• [Action item] In the entries below, the word "dark" appears on some lines. Copy each of those lines.

• [Extracted information]

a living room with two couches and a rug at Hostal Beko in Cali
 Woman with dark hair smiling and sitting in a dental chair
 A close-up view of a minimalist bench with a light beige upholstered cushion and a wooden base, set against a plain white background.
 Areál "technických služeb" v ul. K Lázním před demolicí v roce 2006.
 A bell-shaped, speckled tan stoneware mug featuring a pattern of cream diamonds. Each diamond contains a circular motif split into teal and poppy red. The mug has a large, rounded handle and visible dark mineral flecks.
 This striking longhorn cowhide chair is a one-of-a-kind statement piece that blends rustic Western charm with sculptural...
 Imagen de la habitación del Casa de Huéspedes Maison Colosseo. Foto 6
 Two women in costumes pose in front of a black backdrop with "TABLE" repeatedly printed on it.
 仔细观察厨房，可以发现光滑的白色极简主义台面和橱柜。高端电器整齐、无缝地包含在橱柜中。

• [Response area]
 Woman with dark hair smiling and sitting in a dental chair
 A bell-shaped, speckled tan stoneware mug featuring a pattern of cream diamonds. Each diamond contains a circular motif split into teal and poppy red. The mug has a large, rounded handle and visible dark mineral flecks.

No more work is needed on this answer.